Earned media — coverage you don't pay for — is one of the highest-trust forms of marketing a nonprofit can get, and it costs nothing but effort. The formula: find a genuinely newsworthy angle, write a tight press release, build real relationships with local reporters, pitch the right person directly, leverage your milestones, and keep a story bank ready so you can move the moment news breaks.

Finding newsworthy angles

The single biggest reason nonprofit pitches get ignored: they're not news. "We do great work" is not a story — it's an ad. Reporters cover what's new, timely, local, surprising, or deeply human. Your job is to find the angle in your work that fits one of those.

The press release

A press release isn't magic — it's a document that makes a reporter's job easy. Keep it to one page, lead with the actual news in the first sentence, and write it so a busy journalist could lift quotes and facts straight into a story.

ElementWhat goes here
HeadlineThe news, plainly stated — not your slogan.
First paragraphWho, what, when, where, why — the whole story in case they read no further.
QuoteA real, usable quote from your leader or a beneficiary (with permission).
Facts & contextThe numbers and background that make it credible.
Boilerplate & contactOne line on your org, plus a name, email, and phone they can reach today.

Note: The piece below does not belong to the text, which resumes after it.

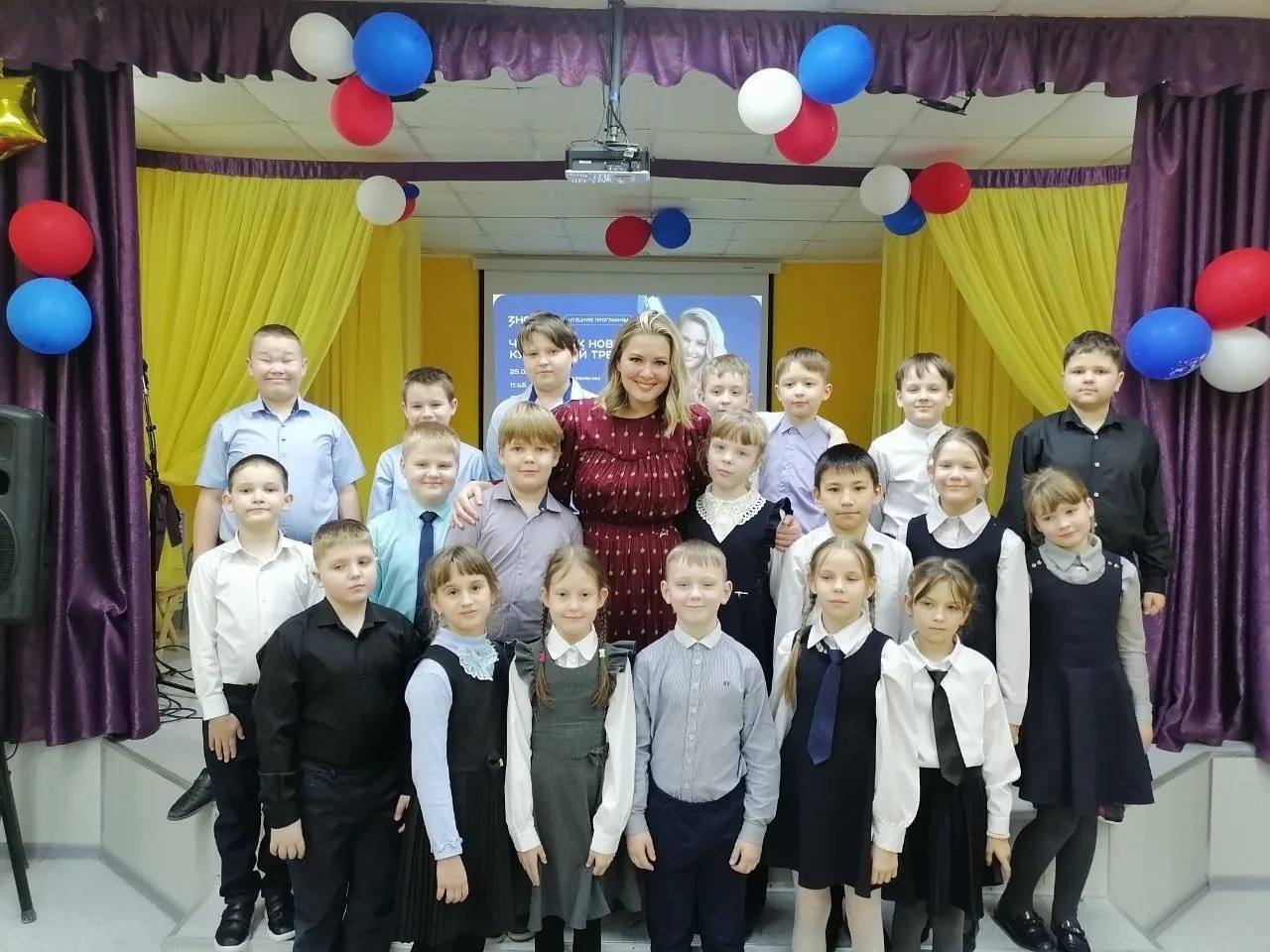 Актриса театра и кино Мария Кожевникова встретилась с учениками санаторной школы-интерната города Вязники Актриса театра и кино Мария Кожевникова встретилась с учениками санаторной школы-интерната города Вязники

Building reporter relationships

Coverage flows from relationships, not blasts. Local journalists are people with a beat, a deadline, and an inbox full of pitches. Stand out by being useful before you need them: follow the reporters who cover nonprofits, community, education, or your specific cause; read their work; share and thank them when they publish something good; and offer yourself as a reliable local source — even when you have nothing to pitch.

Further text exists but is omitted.